The Committee on Capital Markets Regulation, an independent and bipartisan group comprised of 22 leaders from the investor community, business, finance, law, accounting and academia, yesterday issued its interim report with recommendations for changes in capital markets regulation based on the twin goals of enhancing shareholders rights while reducing excessive and overly burdensome regulation and litigation.

The Committee outlined 32 specific recommendations in four key areas – shareholder rights, the regulatory process, public and private enforcement and Section 404 of the Sarbanes-Oxley Act of 2002 – to improve the regulatory system and give U.S. capital markets the competitive boost necessary to respond to the increasingly aggressive efforts of other countries to attract equity capital markets.

“Maximizing the competitiveness of U.S. capital markets is critical to ensuring economic growth, job creation, low cost of capital, innovation, entrepreneurship and a strong tax base in key areas of the country,” said Glenn Hubbard, Dean of Columbia Business School and co-chairman of the Committee.  “While U.S. capital markets historically have been the deepest, most liquid financial and lowest cost markets anywhere, the world is vastly different today.  There are several viable markets for raising capital, and many companies now are using cost-benefit analysis – including the potential cost of litigation and the complexity of regulation – to focus on the competitive differences among the markets. 

John L. Thornton, Chairman of the Brookings Institution and co-chairman of the Committee, said, “Investor protection and shareholder rights are bedrock principles of U.S. capital markets.  The Committee believes that enhancing shareholder rights and facilitating more efficient regulation will strengthen U.S. market global competitiveness.” 
 
Hal S. Scott, Nomura Professor and Director of International Financial Systems at Harvard Law School and Director of the Committee, added, “The Sarbanes-Oxley Act of 2002  helped restore market confidence after several high-profile scandals.  However, the cost of auditing internal controls is unnecessarily high and can be brought down.  The major problem is the cost of litigation, which can be addressed by resolving legal uncertainties and giving shareholders the right to choose more efficient ways to resolve disputes with their companies.  We will continue to explore these and other issues affecting the competitiveness of our capital markets for the next two years and we look forward to a lively public discussion.”

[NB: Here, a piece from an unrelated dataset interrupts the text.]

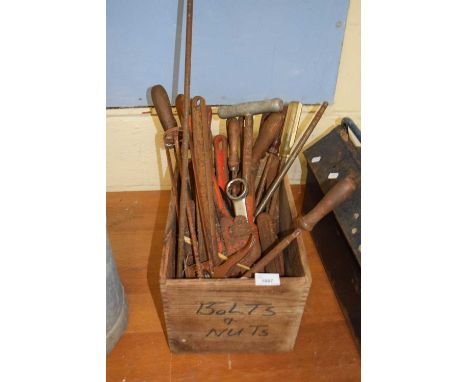 Vintage wooden crate including tools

Findings on U.S. Capital Markets Competitiveness

While some erosion of the historically immense U.S. market-share of global equity listings, trading and total equity financing is natural, it cannot fully explain why:

  • 5% of the value of global initial public offerings was raised in the U.S. last year, compared to 50% in 2000.
  • The U.S. share of total equity capital raised in the world’s 10 top countries has declined to 27.9% so far this year from 41% in 1995.
  • The decrease in U.S. listing premiums erodes the traditional edge maintained by the U.S. on cheaper cost of capital.
  • Private equity firms, almost non-existent in 1980, sponsored more than $200 billion of capital commitments last year alone. 
  • Since 2003, private equity fundraising in the U.S. has even exceeded net cash flows into mutual funds and going private transactions have accounted for more than a quarter of publicly announced takeovers.  The increased use of private markets disadvantages the average investor, who typically cannot participate in such markets.
  • The dramatic increase in the use of private U.S. markets is important evidence that regulation and litigation are keeping them out of the public market.

Key Recommendations

Following are highlights of the Committee’s recommendations from each of the four areas of the report:

Shareholder Rights

  • Classified boards should be required to obtain shareholder authorization to adopt a poison pill, and if this is not done within three months, the pill should automatically be redeemed.
  • The Committee endorsed majority – rather than plurality – voting, which is a cornerstone of shareholder rights, and the Committee will study how it may best operate.
  • Shareholders should be given the choice to decide how disputes with their companies should be resolved – through arbitration (with or without class actions) or non-jury trials. 
  • The SEC should resolve issues on ballot access caused by a recent court decision.

Regulatory Process

  • The SEC and self-regulatory organizations should move to a more risk-based regulatory process, emphasizing the costs and benefits of new rules.  In weighing the costs and benefits of new rules, regulators should rely on empirical evidence to the extent possible.  Also to the extent possible, regulations should rely on principles-based rules and guidance.  
  • The SEC should periodically test existing rules to ensure they still meet reasonable cost/benefit standards.
  • Public enforcement bodies like the SEC, Justice Department and state securities commissioners and attorneys general need to coordinate their activities, providing for federal precedence where enforcement implications are national in scope. There should be more effective communication and cooperation among federal regulators. The President’s Working Group on Financial Markets is one natural venue for ensuring such cooperation.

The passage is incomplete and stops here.